The weather in the spring of ’14 was horrible:  snow and snow and ice and snow and then rain and rain and rain.  Glues don’t set in cold temperatures.  Paint won’t stay on when it’s raining.  We kept getting delayed.  The upshot was that over the last month, we worked ourselves half to death, having to move out of our apartment, finish the boat, and move it all at once.

So here’s a few things I’ve learned on this.  Caveat.  This could be you.

 1) If you work while exhausted, you will injure yourself.  Don’t believe me?  Scroll back on this blog and look for the collection of splints, hand braces, 2nd degree burns and the like.....

During the course of construction, I burned myself, drove screws into my fingers, damaged a tendon in my right hand, did something unfortunate to my right knee getting up and down and up and down ladders, obtained innumerable slivers, nicks, small cuts, destroyed fingernails, bruises, and contusions, and sorely overtaxed my muscles.  By the end of construction, I was moving like a 90 year old, having to lever myself up and down to my knees to work on flooring and wiring because everything hurt.

Give yourself the time, be present in the moment you’re building, and I doubt this will happen to you.

2)  Get some freaking sleep.  I found—as is my want—that I couldn’t turn my head off at the end of the day.  I would spend half the night building and rebuilding and unbuilding and reengineering parts of the boat in my head.  Admittedly, some of these virtual construction sessions were fruitful and resulted in a better and simpler build, but the same thing could have been accomplished by just giving ourselves more time.  The upshot was, I would wake up….sorta…..dazed and confused and under slept, which led to mistakes, which led to my having to undo said mistakes which led to even more work.

3)  Eat:  There were times I was just too tired.  I would start without breakfast, work through meals, and when time came for dinner all I wanted to do was take a hot bath and go to bed.  God knows what that did to my blood sugar levels, concentration, and endurance.  You can solve this by….wait for it… yourself more time.  Are you starting to see a pattern here?

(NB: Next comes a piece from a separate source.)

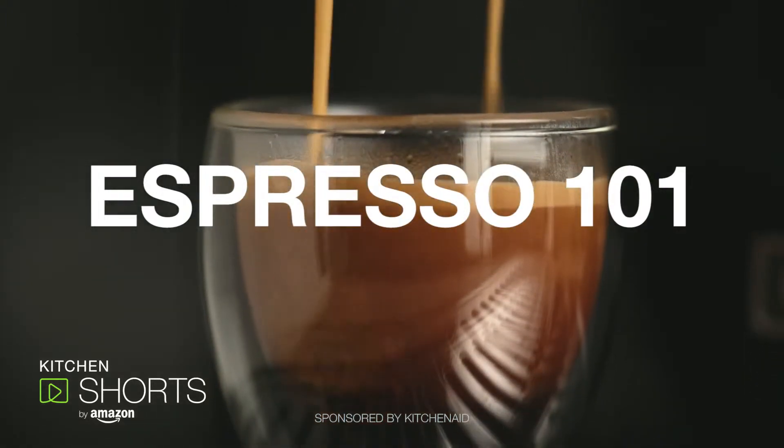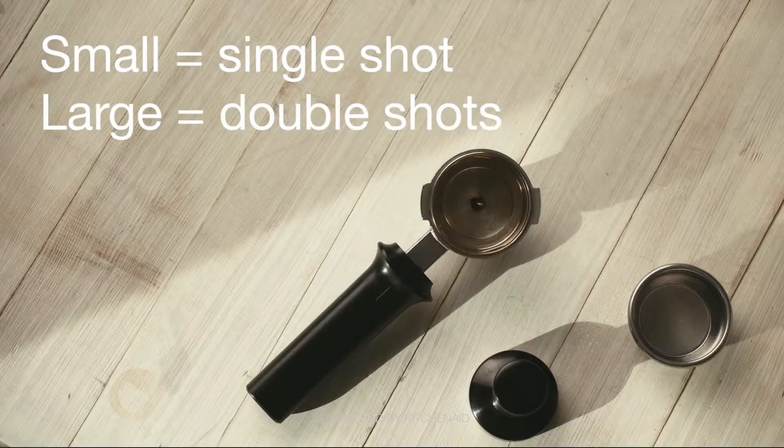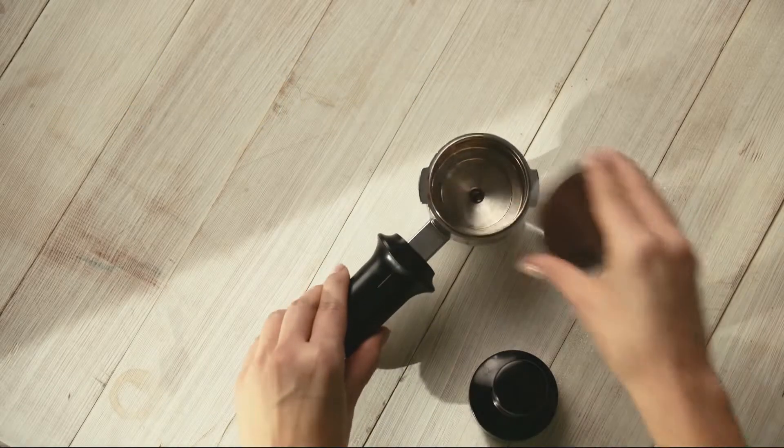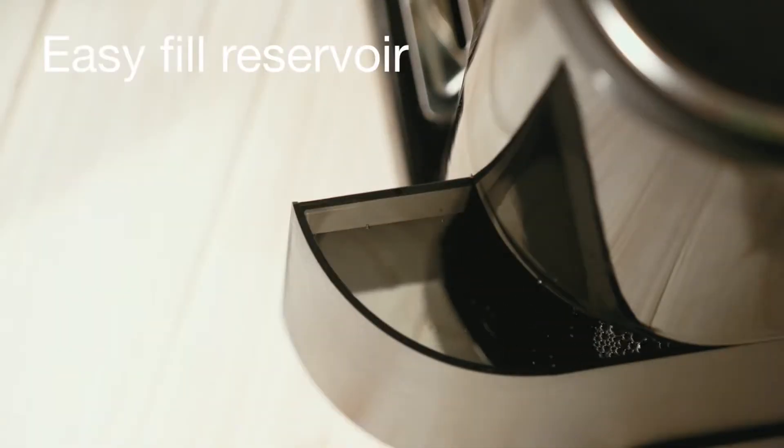Enjoy delicious barista-quality espresso beverages right from your kitchen counter. Start by matching the basket to the right dose of espresso you need to kick-start your morning. Pulling a great espresso shot starts with finely ground coffee and hot water under very high pressure.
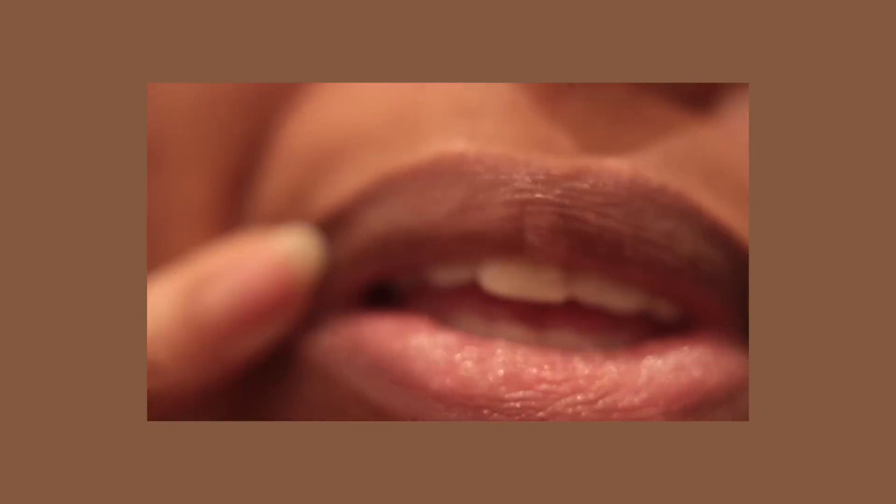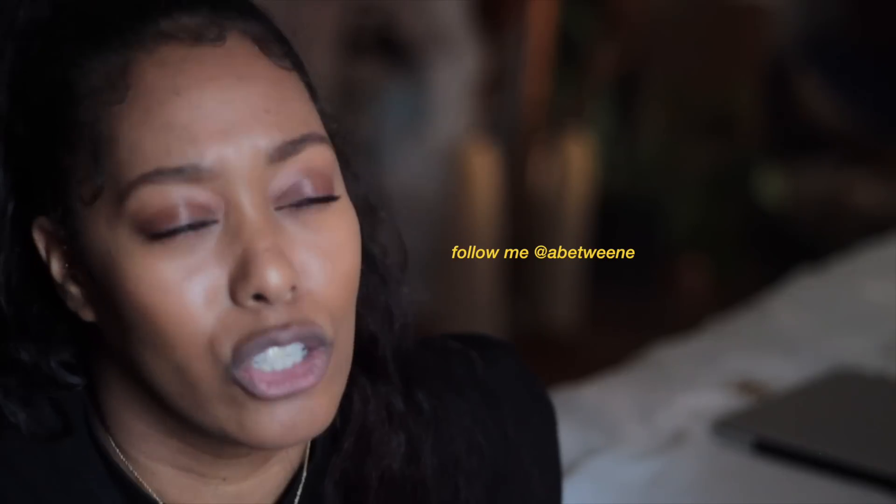The final step — and one of the most important — is that exfoliation is only part of the process. You want to apply a super thick lip mask, not a balm, not a gloss, but a mask. The one I use is from Bite, which I've been talking about on Instagram recently, because when I put it on at night it's still there in the morning. That is exactly what you need out of a lip mask.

4)  Take care of yourself.  This is not a contest.  The object is the successful completion of the project.  Once that happens, no one will ask how many extra days it took.  You will gain nothing by proving you can work yourself to insensibility.  When the work has been challenging, give your body the chance to recover before you launch back into things.  Again, give yourself more time.

That is not to say that the project hasn’t had its positive effects.  Being a performer, I love the praise we’ve received for the boat and its concepts.  Adulation is one of my favorite drugs.  Of course there were other benefits as well.  Over the course of this thing, I lost at least 15 pounds and gained a good deal of muscle strength and definition.  My schedule before was haphazard, and included a good deal of…well….frankly crappy food.  Needing to support the work load meant that I had to eat, and to eat healthy things that would actually fuel what i was doing.  We’ve continued with that, getting three squares a day, no seconds, not a lot of ethanol, and precious little junk food.  

The upshot of having done the project….despite minimal scarring ……is that I look and feel better than I have in some time.  Not having to deal with corporate retail or academic infighting has dropped my stress levels massively, and just having the freedom to sleep when I want, to eat when I need to, and to stop working when I feel like it has made me feel human again.

Summary:  This sort of project can be a wonderful, life changing experience….if you don’t kill yourself doing it.  This isn’t a contest, and playing superman will not get you a better project or more respect, it will just get you tired and hurt.  

Give yourself the one thing this society does’t want you to have :  Time.  Enjoy the ride.